The first was just a regression fix from the multithreading patch series, but it was impressive that multithreading hid a 2.9% instruction count penalty and still showed gains.
One of the new fixes I've been working on is folding ALU operations into texture coordinate writes. This came out of frustration from the instruction selection research I had done the last couple of weeks, where all algorithms seemed like they would still need significant peephole optimization after selection. I finally said "well, how hard would it be to just finish the big selection problems I know are easily doable with peepholes?" and it wasn't all that bad. The win came out to about 1% of instructions, with a similar benefit to overall 3DMMES performance (it's shocking how ALU-bound 3DMMES is)
I also started on a branch to jump to the end of the program when all 16 pixels in a thread have been discarded. This had given me a 7.9% win on GLB2.7 on Intel, so I hoped for similar wins here. 3DMMES seemed like a good candidate for testing, too, with a lot of discards that are followed by reams of code that could be skipped, including texturing. Initial results didn't seem to show a win, but I haven't actually done any stats on it yet. I also haven't done the usual "draw red where we were applying the optimization" hack to verify that my code is really working, either.

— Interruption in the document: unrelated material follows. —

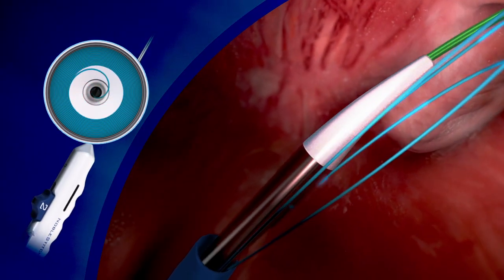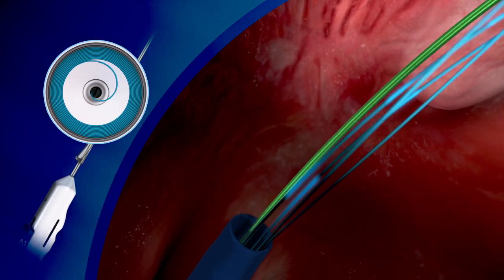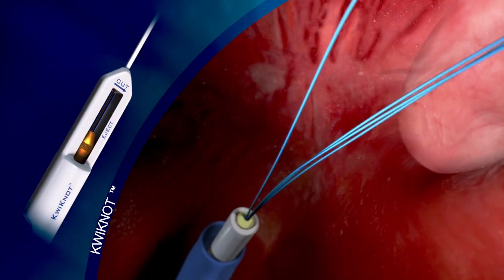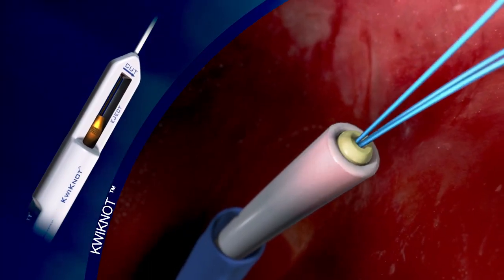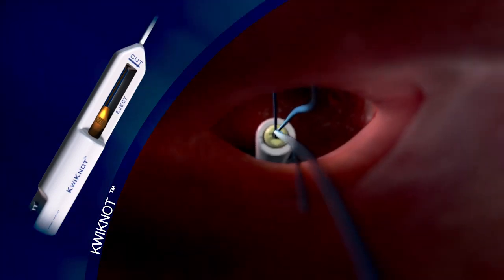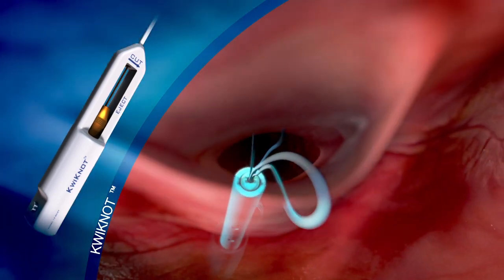The device is withdrawn, visualizing the suture funnel, demonstrating that the suture has been captured. Then the 032 wire is removed as well. The quick knot is then advanced over the polypropylene sutures up to the oval fossa through the introducer sheath, which remains in the right atrium.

While I've been working on this, Jonas Pfeil (who originally wrote the multithreading support) has been working on a couple of other projects. He's been trying to get instructions scheduled into the delay slots of thread switches and branching, which should help reduce any regressions those two features might have caused. More exciting, he's just posed a branch for doing nearest-filtered raster textures (the primary operation in X11 compositing) using direct memory lookups instead of our shadow-copy fallback. Hopefully I get a chance to review, test, and merge in the next week or two.
On the kernel side, my branches for 4.10 have been pulled. We've got ETC1 and multithread FS for 4.10, and a performance win in power management. I've also been helping out and reviewing Boris Brezillon's work for SDTV output in vc4. Those patches should be hitting the list this week.